Step-by-step explanation:

Let $S$ denote a set of elements. $S \times S$ would denote the set of all ordered pairs of elements of $S\!$ .

For example, with $S = \lbrace 1,\, 2,\, 3 \rbrace$ , $(3,\, 2)$ and $(2,\, 3)$ are both members of $S \times S$ . However, $(3,\, 2) \ne (2,\, 3)$ because the pairs are ordered.

A relation $R$ on $S\!$ is a subset of $S \times S$ . For any two elements $a,\, b \in S$ , $a \sim b$ if and only if the ordered pair $(a,\, b)$ is in $R\!$ .

A relation $R$ on set $S$ is an equivalence relation if it satisfies the following:

Reflexivity: for any $a \in S$ , the relation $R$ needs to ensure that $a \sim a$ (that is: $(a,\, a) \in R$ .)

Symmetry: for any $a,\, b \in S$ , $a \sim b$ if and only if $b \sim a$ . In other words, either both $(a,\, b)$ and $(b,\, a)$ are in $R$ , or neither is in $R\!$ .

Transitivity: for any $a,\, b,\, c \in S$ , if $a \sim b$ and $b \sim c$ , then $a \sim c$ . In other words, if $(a,\, b)$ and $(b,\, c)$ are both in $R$ , then $(a,\, c)$ also needs to be in $R\!$ .

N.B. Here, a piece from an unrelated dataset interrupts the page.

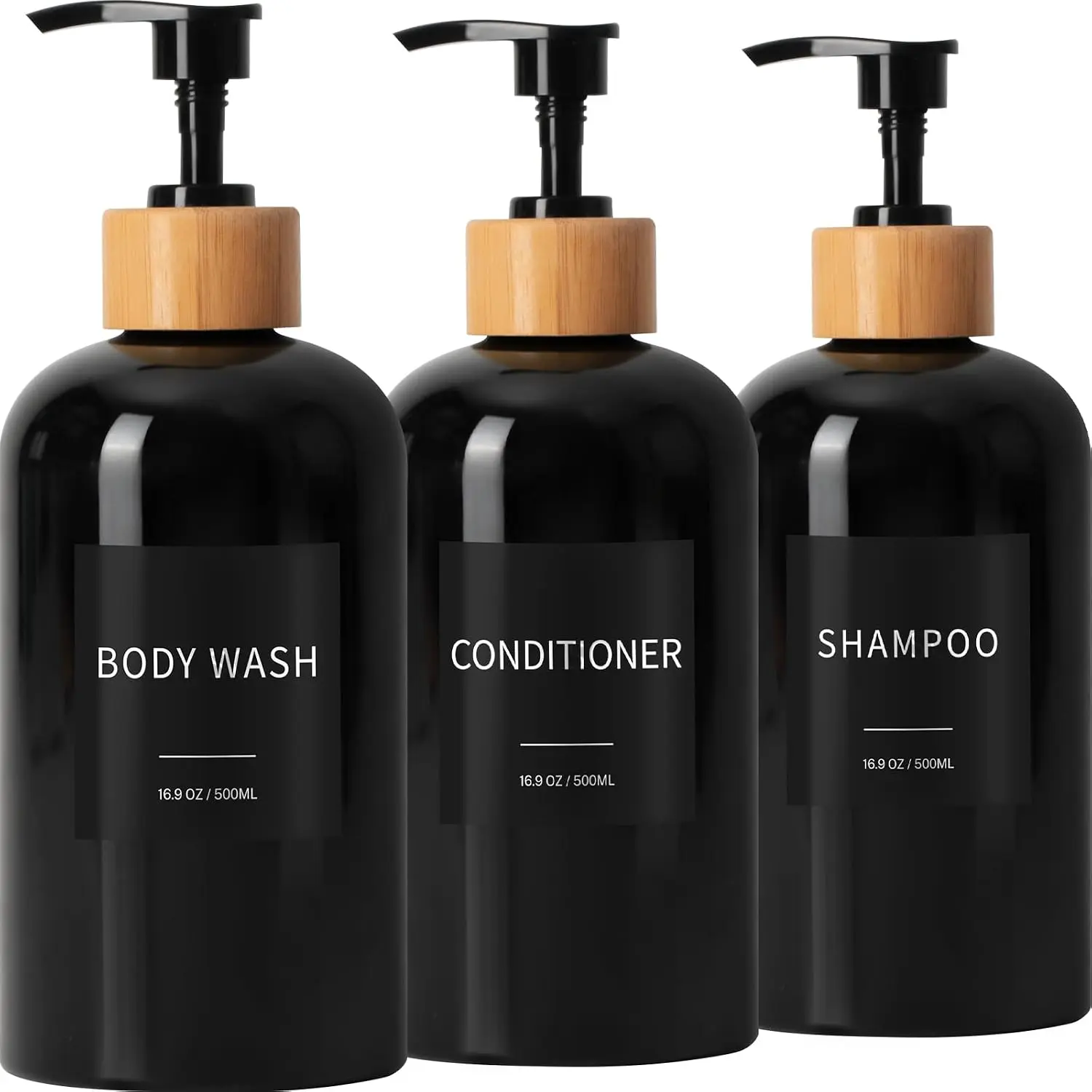 Shampoo and Conditioner Dispenser, Refillable Plastic Shampoo Pump Bottles with  Labels, Empty  Wash Dispenser Set for Bathroom Shower, Black, Set of 3, 16.9oz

The relation $R$ (on $S = \lbrace 1,\, 2,\, 3 \rbrace$ ) in this question is indeed reflexive. $(1,\, 1)$ , $(2,\, 2)$ , and $(3,\, 3)$ (one pair for each element of $S$ ) are all elements of $R\!$ .

$R$ isn't symmetric. $(2,\, 3) \in R$ but $(3,\, 2) \not \in R$ (the pairs in $\! R$ are all ordered.) In other words, $3$ isn't equivalent to $2$ under $R\!$ even though $2 \sim 3$ .

Neither is $R$ transitive. $(3,\, 1) \in R$ and $(1,\, 2) \in R$ . However, $(3,\, 2) \not \in R$ . In other words, under relation $R\!$ , $3 \sim 1$ and $1 \sim 2$ does not imply $3 \sim 2$ .